Problem to solve:
Omit all pictures. Quote the lines from the one with "Mini Me Children Quotes By William Faulkner Mini" through the end of the listing below, exactly as they appear.

Collected data:
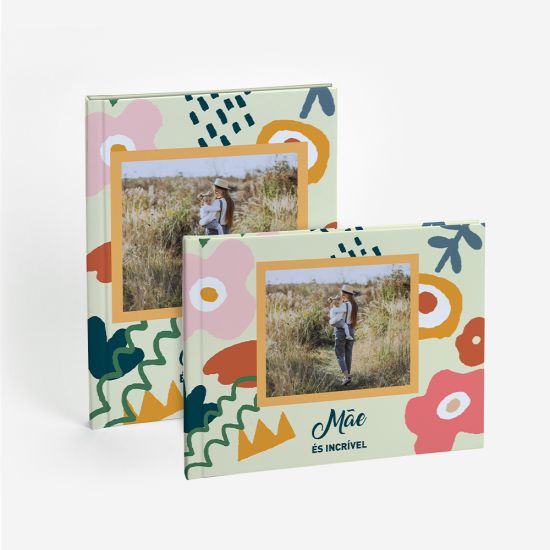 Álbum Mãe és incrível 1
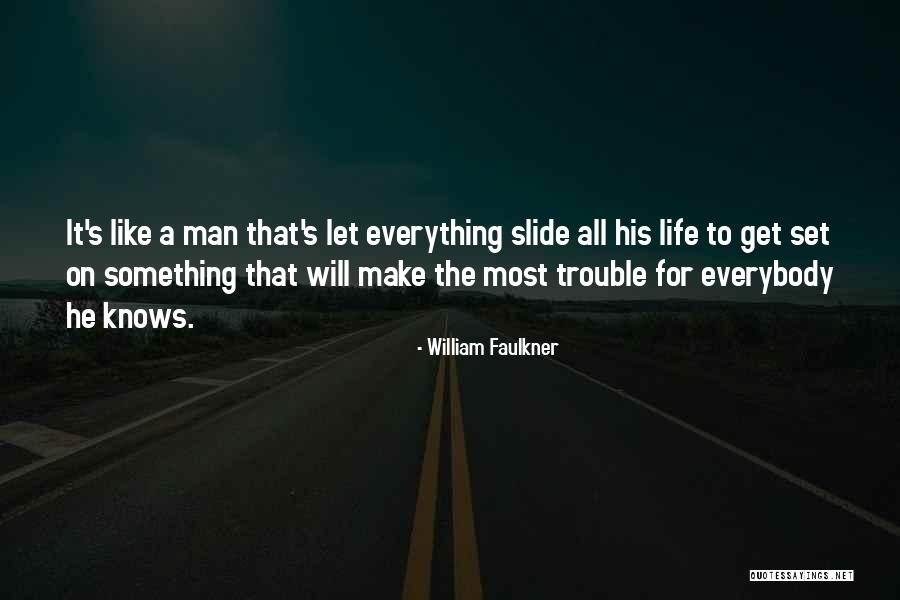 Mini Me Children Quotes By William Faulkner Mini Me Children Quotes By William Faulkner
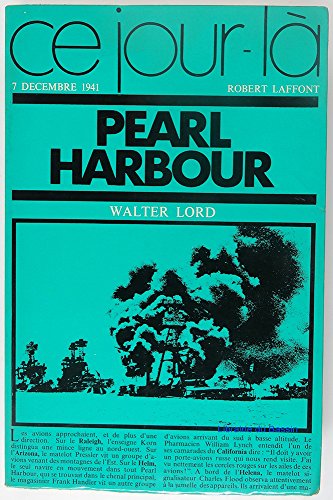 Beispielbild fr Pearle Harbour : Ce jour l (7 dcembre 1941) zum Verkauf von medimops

Reply:
 Mini Me Children Quotes By William Faulkner Mini Me Children Quotes By William Faulkner
 Beispielbild fr Pearle Harbour : Ce jour l (7 dcembre 1941) zum Verkauf von medimops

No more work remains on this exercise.